Task material:
____________________

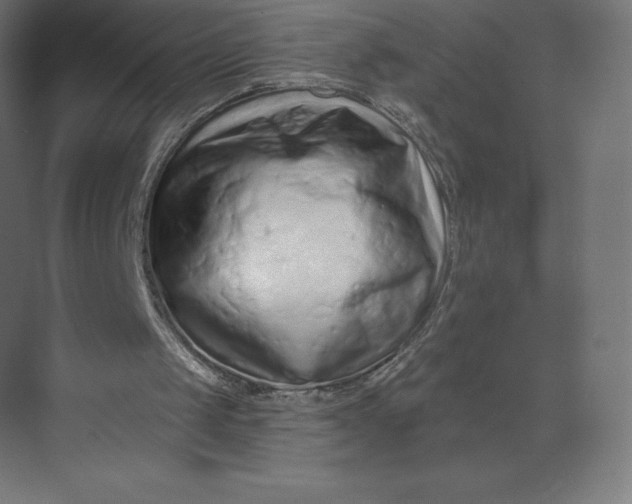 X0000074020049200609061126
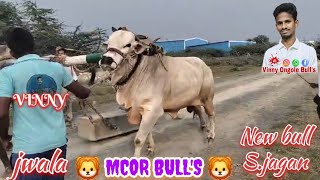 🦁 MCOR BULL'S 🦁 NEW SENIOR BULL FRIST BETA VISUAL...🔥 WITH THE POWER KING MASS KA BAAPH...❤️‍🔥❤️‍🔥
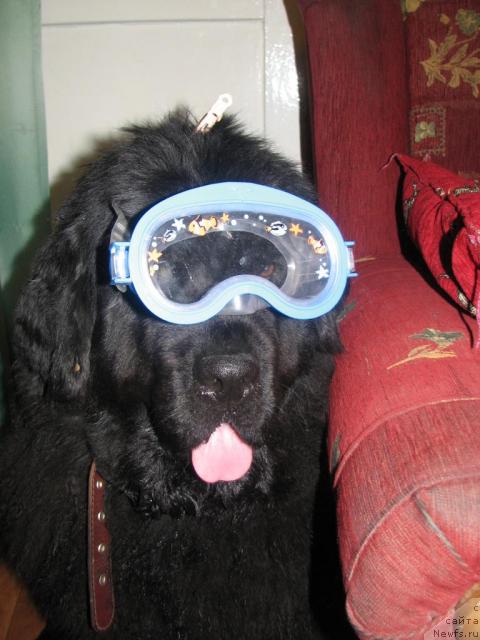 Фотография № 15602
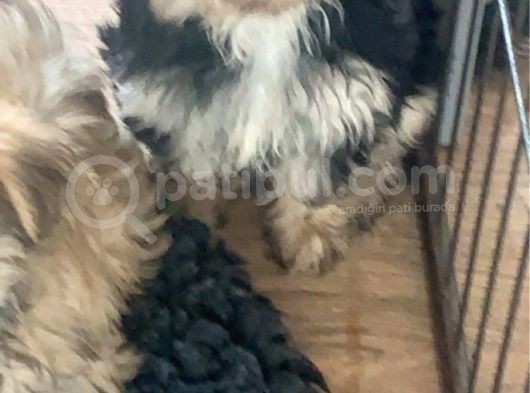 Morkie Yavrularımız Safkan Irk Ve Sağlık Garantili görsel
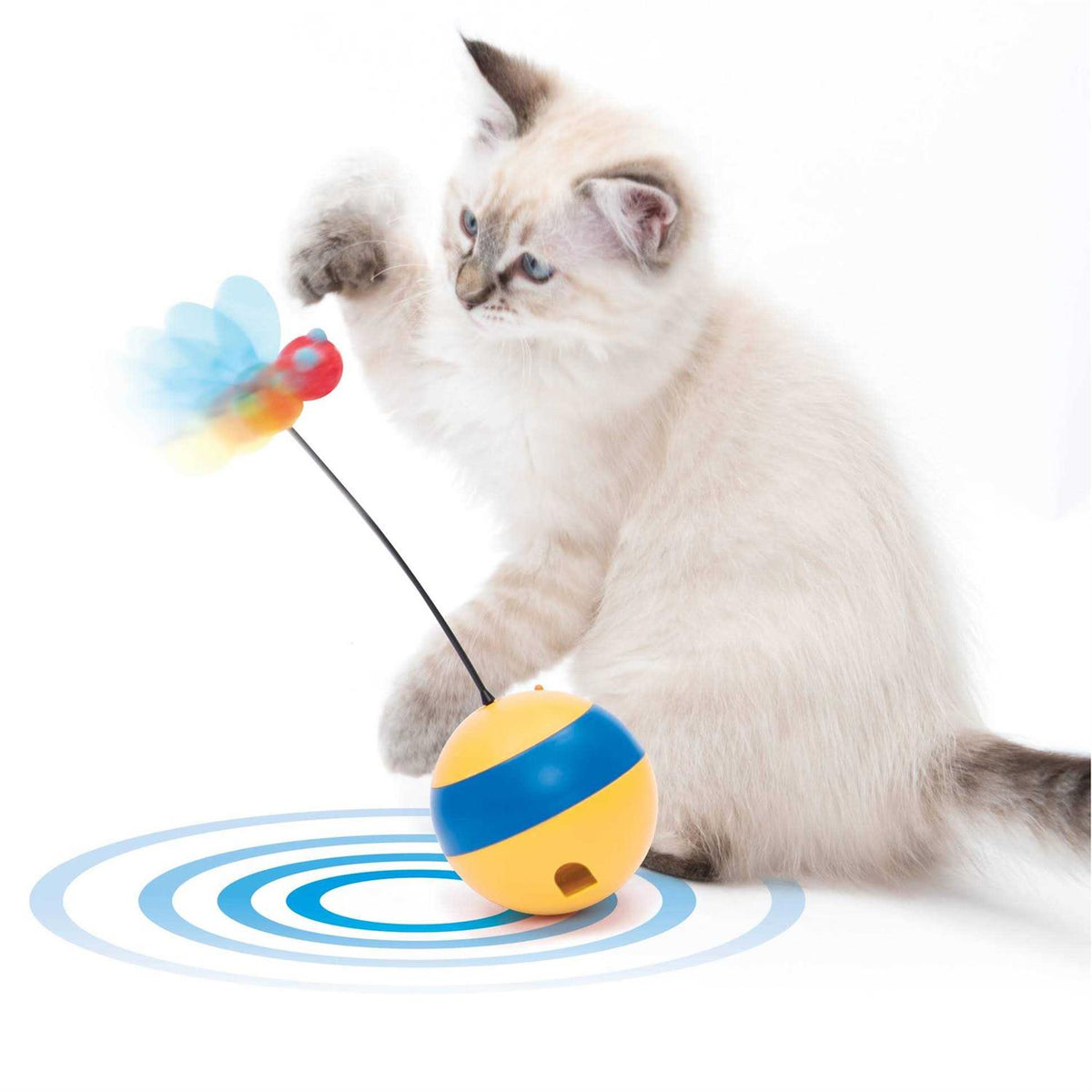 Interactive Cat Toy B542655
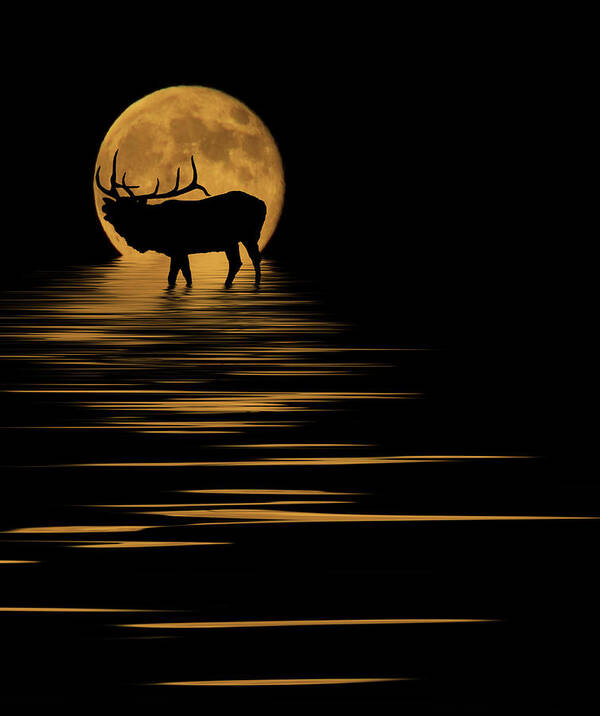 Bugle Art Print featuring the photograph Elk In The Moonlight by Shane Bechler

____________________

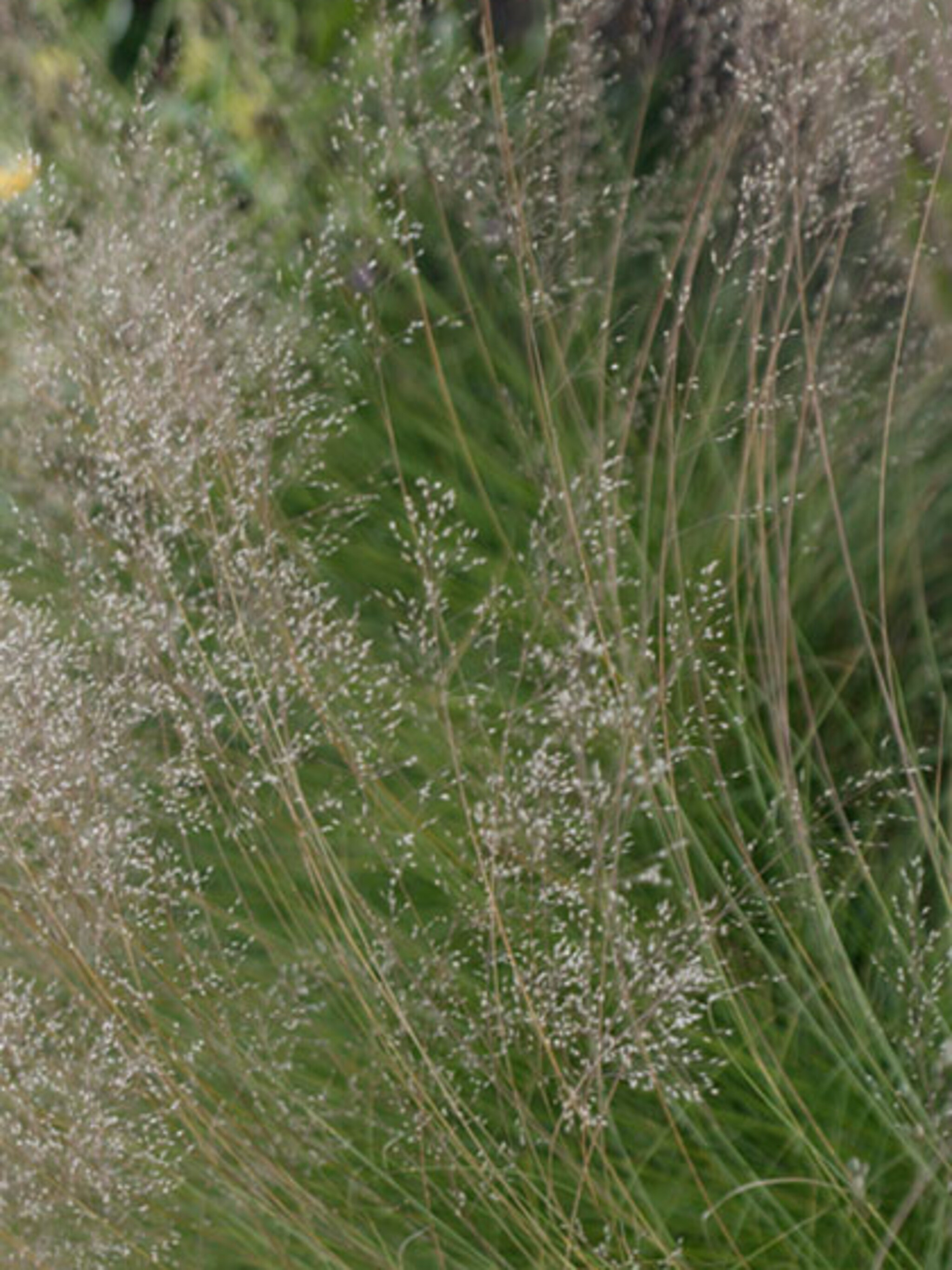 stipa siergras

____________________

Task instructions:
Copy word for word only the lines above from the one with "Фотография № 15602" through the one with "Bugle Art Print". Leave pictures out.

Answer section:
 Фотография № 15602
 Morkie Yavrularımız Safkan Irk Ve Sağlık Garantili görsel
 Interactive Cat Toy B542655
 Bugle Art Print featuring the photograph Elk In The Moonlight by Shane Bechler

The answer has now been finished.